Introduction: GLP-1 is an incretin released by the gut in response to food consumption. Binding to the GLP-1 receptor, (GLP-1R) increases insulin and decreases glucagon secretion by the pancreas, promoting nutrient storage and usage [1]. GLP-1 also acts in the brain to promote satiety. As such, GLP-1R agonists are used in type 2 diabetes (T2D) and obesity to promote glycemic control and decrease weight [2]. The carotid bodies (CBs), peripheral chemoreceptors classically defined as O2 sensors, have also been pointed to be metabolic sensors involved in energy and glucose homeostasis [3]. Herein, we investigated the role of the CBs on the GLP-1 effects on glucose homeostasis.

Material & Methods:  Wistar rats were submitted to 10 weeks of 60% lipid-rich diet (HF) or to a standard diet (NC). After, half of the groups were submitted to carotid sinus nerve (CSN) resection, to abolish CB contribution to GLP-1 effects on metabolism, or to a sham surgery. At a terminal experiment a bolus of liraglutide, a GLP-1R agonist (200 μg/Kg), was administrated in the external carotid artery and glycemia measured for 1h. Insulin, C-peptide, and glucagon in plasma samples were evaluated by a multiplex analysis at 0, 15, 30 and 60min post liraglutide administration. Experiments followed the 2010/63/EU European Union Directive and were approved by NMS Ethics Committee and Portuguese Authority for Animal Health. Differences between data were calculated using One-Way ANOVA and considered significantly different with p-values <0.05.

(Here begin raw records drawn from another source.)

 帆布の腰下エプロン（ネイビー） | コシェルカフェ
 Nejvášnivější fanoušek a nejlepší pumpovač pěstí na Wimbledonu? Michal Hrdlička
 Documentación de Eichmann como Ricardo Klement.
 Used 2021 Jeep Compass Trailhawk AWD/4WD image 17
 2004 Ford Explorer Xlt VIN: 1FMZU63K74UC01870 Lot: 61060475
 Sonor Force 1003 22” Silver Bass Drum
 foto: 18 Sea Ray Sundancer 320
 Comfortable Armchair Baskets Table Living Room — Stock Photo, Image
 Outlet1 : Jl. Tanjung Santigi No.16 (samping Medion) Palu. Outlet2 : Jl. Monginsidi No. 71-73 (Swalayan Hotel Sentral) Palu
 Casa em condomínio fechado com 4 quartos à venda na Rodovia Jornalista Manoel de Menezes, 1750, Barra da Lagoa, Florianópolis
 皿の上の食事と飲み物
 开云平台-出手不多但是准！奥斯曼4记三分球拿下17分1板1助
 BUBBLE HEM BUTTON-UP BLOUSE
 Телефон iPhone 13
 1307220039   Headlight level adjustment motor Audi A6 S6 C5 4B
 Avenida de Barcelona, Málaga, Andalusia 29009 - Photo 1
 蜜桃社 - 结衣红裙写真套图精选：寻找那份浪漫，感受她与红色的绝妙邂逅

Results: Liraglutide decreased blood glucose levels by 15.4% and 28.2% in NC and HF animals, effects exacerbated by CSN resection in NC (p<0.05) but not in HF animals. HF diet also increased the time to liraglutide reach a maximal effect on blood glucose (p<0.05) vs NC animals, and impaired the counterregulatory responses to hypoglycemia, effects abolished by CSN resection. Insulin levels increased by 121.6% and 87.2% in response to liraglutide in NC and HF animals, respectively an effect prevented by CSN denervation, with no significative alterations in c-peptide levels between groups. Glucagon levels increased by 44.8% in response to liraglutide administration in NC animals, an effect attenuated in HF diet-animals (20.5% increase). CSN resection in both NC and HF diet animals prevented the counter-regulatory increase in glucagon levels promoted by a decrease in glycemia induced by liraglutide.

Conclusions: CSN resection improves liraglutide effects on blood glucose and insulin levels and on the impaired-HF diet counterregulatory mechanisms to hypoglycemia. CSN resection exacerbates HF-induced impairment of liraglutide positive effects on glucagon secretion, suggesting that CBs modulation of hypoglycemia counterregulatory mechanisms occurs by other mechanism different from glucagon secretion.  These results suggest that targeting GLP-1 action on glucose homeostasis involves the contribution of the CB.